== TASK STATEMENT ==
Output the listing in full. Every line stays exactly as it is.

== DATA ==
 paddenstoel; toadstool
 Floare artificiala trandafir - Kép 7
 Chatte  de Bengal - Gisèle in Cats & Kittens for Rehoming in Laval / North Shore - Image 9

== ANSWER FOR THE TASK ==
 paddenstoel; toadstool
 Floare artificiala trandafir - Kép 7
 Chatte  de Bengal - Gisèle in Cats & Kittens for Rehoming in Laval / North Shore - Image 9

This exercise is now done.